START Data extracts

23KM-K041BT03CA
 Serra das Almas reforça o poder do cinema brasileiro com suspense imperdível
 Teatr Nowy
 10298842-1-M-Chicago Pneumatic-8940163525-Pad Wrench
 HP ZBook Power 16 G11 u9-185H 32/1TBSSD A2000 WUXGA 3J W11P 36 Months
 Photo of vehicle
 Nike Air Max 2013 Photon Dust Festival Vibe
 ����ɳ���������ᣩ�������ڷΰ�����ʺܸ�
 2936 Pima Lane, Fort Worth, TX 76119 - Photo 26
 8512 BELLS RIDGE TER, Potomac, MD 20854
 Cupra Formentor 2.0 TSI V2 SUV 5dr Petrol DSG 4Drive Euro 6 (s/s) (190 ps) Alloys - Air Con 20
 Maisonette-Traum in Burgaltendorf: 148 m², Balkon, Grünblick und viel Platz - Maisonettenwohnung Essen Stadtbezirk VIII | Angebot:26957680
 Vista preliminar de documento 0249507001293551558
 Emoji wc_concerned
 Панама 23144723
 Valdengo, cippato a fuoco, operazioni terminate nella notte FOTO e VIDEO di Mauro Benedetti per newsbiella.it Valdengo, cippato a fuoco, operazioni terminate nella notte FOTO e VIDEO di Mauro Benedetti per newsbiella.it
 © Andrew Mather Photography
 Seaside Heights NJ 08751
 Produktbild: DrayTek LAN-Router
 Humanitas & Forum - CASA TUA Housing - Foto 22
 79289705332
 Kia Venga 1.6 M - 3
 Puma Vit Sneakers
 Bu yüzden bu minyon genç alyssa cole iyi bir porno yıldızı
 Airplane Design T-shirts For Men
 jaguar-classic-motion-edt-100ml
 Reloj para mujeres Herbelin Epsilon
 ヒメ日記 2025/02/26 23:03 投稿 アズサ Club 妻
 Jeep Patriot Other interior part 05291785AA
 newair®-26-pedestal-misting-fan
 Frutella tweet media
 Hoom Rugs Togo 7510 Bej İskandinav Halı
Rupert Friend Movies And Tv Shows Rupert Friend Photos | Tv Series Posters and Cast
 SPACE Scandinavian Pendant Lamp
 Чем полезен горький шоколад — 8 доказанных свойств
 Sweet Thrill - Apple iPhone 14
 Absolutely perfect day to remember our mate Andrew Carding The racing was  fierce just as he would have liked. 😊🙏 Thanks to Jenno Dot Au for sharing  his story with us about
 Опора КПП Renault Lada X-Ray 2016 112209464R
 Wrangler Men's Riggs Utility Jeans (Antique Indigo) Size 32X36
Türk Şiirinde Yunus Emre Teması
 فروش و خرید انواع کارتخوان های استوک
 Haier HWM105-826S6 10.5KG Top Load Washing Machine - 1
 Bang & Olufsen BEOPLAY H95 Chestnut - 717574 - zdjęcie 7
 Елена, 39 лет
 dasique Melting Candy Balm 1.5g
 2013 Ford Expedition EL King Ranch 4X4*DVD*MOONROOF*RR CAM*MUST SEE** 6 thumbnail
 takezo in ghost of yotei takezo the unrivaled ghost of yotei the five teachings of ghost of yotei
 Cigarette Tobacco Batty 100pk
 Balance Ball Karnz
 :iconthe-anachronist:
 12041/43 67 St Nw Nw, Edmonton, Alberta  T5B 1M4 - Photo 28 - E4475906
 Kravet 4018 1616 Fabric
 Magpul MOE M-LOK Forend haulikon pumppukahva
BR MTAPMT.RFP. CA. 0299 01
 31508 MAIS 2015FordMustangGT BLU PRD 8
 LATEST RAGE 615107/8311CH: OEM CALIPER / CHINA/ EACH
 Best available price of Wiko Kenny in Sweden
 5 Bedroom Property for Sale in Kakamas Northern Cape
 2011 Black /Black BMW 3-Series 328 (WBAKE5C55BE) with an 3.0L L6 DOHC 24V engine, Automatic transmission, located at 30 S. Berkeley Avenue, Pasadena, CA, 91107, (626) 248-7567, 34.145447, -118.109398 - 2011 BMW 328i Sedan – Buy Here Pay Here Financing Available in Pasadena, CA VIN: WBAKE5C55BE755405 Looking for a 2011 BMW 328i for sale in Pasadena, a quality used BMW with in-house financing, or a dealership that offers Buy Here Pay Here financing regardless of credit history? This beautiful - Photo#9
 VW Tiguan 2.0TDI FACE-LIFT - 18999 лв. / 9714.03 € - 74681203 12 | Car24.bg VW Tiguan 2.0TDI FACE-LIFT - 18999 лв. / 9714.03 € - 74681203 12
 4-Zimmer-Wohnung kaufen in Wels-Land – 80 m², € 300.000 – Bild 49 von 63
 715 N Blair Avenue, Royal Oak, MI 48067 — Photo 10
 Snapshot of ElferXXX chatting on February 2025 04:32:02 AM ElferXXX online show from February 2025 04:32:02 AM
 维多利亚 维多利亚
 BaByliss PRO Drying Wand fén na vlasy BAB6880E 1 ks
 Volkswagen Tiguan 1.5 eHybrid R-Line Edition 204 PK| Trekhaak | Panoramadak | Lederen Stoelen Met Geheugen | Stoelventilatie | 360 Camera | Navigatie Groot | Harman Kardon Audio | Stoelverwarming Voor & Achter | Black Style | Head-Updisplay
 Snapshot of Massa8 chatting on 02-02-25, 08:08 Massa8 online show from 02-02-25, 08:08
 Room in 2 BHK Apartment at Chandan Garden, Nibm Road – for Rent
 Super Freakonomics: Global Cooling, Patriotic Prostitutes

END Data extracts

*Problem requirements*
Return every record exactly as it was given.

*Your solution*
23KM-K041BT03CA
 Serra das Almas reforça o poder do cinema brasileiro com suspense imperdível
 Teatr Nowy
 10298842-1-M-Chicago Pneumatic-8940163525-Pad Wrench
 HP ZBook Power 16 G11 u9-185H 32/1TBSSD A2000 WUXGA 3J W11P 36 Months
 Photo of vehicle
 Nike Air Max 2013 Photon Dust Festival Vibe
 ����ɳ���������ᣩ�������ڷΰ�����ʺܸ�
 2936 Pima Lane, Fort Worth, TX 76119 - Photo 26
 8512 BELLS RIDGE TER, Potomac, MD 20854
 Cupra Formentor 2.0 TSI V2 SUV 5dr Petrol DSG 4Drive Euro 6 (s/s) (190 ps) Alloys - Air Con 20
 Maisonette-Traum in Burgaltendorf: 148 m², Balkon, Grünblick und viel Platz - Maisonettenwohnung Essen Stadtbezirk VIII | Angebot:26957680
 Vista preliminar de documento 0249507001293551558
 Emoji wc_concerned
 Панама 23144723
 Valdengo, cippato a fuoco, operazioni terminate nella notte FOTO e VIDEO di Mauro Benedetti per newsbiella.it Valdengo, cippato a fuoco, operazioni terminate nella notte FOTO e VIDEO di Mauro Benedetti per newsbiella.it
 © Andrew Mather Photography
 Seaside Heights NJ 08751
 Produktbild: DrayTek LAN-Router
 Humanitas & Forum - CASA TUA Housing - Foto 22
 79289705332
 Kia Venga 1.6 M - 3
 Puma Vit Sneakers
 Bu yüzden bu minyon genç alyssa cole iyi bir porno yıldızı
 Airplane Design T-shirts For Men
 jaguar-classic-motion-edt-100ml
 Reloj para mujeres Herbelin Epsilon
 ヒメ日記 2025/02/26 23:03 投稿 アズサ Club 妻
 Jeep Patriot Other interior part 05291785AA
 newair®-26-pedestal-misting-fan
 Frutella tweet media
 Hoom Rugs Togo 7510 Bej İskandinav Halı
Rupert Friend Movies And Tv Shows Rupert Friend Photos | Tv Series Posters and Cast
 SPACE Scandinavian Pendant Lamp
 Чем полезен горький шоколад — 8 доказанных свойств
 Sweet Thrill - Apple iPhone 14
 Absolutely perfect day to remember our mate Andrew Carding The racing was  fierce just as he would have liked. 😊🙏 Thanks to Jenno Dot Au for sharing  his story with us about
 Опора КПП Renault Lada X-Ray 2016 112209464R
 Wrangler Men's Riggs Utility Jeans (Antique Indigo) Size 32X36
Türk Şiirinde Yunus Emre Teması
 فروش و خرید انواع کارتخوان های استوک
 Haier HWM105-826S6 10.5KG Top Load Washing Machine - 1
 Bang & Olufsen BEOPLAY H95 Chestnut - 717574 - zdjęcie 7
 Елена, 39 лет
 dasique Melting Candy Balm 1.5g
 2013 Ford Expedition EL King Ranch 4X4*DVD*MOONROOF*RR CAM*MUST SEE** 6 thumbnail
 takezo in ghost of yotei takezo the unrivaled ghost of yotei the five teachings of ghost of yotei
 Cigarette Tobacco Batty 100pk
 Balance Ball Karnz
 :iconthe-anachronist:
 12041/43 67 St Nw Nw, Edmonton, Alberta  T5B 1M4 - Photo 28 - E4475906
 Kravet 4018 1616 Fabric
 Magpul MOE M-LOK Forend haulikon pumppukahva
BR MTAPMT.RFP. CA. 0299 01
 31508 MAIS 2015FordMustangGT BLU PRD 8
 LATEST RAGE 615107/8311CH: OEM CALIPER / CHINA/ EACH
 Best available price of Wiko Kenny in Sweden
 5 Bedroom Property for Sale in Kakamas Northern Cape
 2011 Black /Black BMW 3-Series 328 (WBAKE5C55BE) with an 3.0L L6 DOHC 24V engine, Automatic transmission, located at 30 S. Berkeley Avenue, Pasadena, CA, 91107, (626) 248-7567, 34.145447, -118.109398 - 2011 BMW 328i Sedan – Buy Here Pay Here Financing Available in Pasadena, CA VIN: WBAKE5C55BE755405 Looking for a 2011 BMW 328i for sale in Pasadena, a quality used BMW with in-house financing, or a dealership that offers Buy Here Pay Here financing regardless of credit history? This beautiful - Photo#9
 VW Tiguan 2.0TDI FACE-LIFT - 18999 лв. / 9714.03 € - 74681203 12 | Car24.bg VW Tiguan 2.0TDI FACE-LIFT - 18999 лв. / 9714.03 € - 74681203 12
 4-Zimmer-Wohnung kaufen in Wels-Land – 80 m², € 300.000 – Bild 49 von 63
 715 N Blair Avenue, Royal Oak, MI 48067 — Photo 10
 Snapshot of ElferXXX chatting on February 2025 04:32:02 AM ElferXXX online show from February 2025 04:32:02 AM
 维多利亚 维多利亚
 BaByliss PRO Drying Wand fén na vlasy BAB6880E 1 ks
 Volkswagen Tiguan 1.5 eHybrid R-Line Edition 204 PK| Trekhaak | Panoramadak | Lederen Stoelen Met Geheugen | Stoelventilatie | 360 Camera | Navigatie Groot | Harman Kardon Audio | Stoelverwarming Voor & Achter | Black Style | Head-Updisplay
 Snapshot of Massa8 chatting on 02-02-25, 08:08 Massa8 online show from 02-02-25, 08:08
 Room in 2 BHK Apartment at Chandan Garden, Nibm Road – for Rent
 Super Freakonomics: Global Cooling, Patriotic Prostitutes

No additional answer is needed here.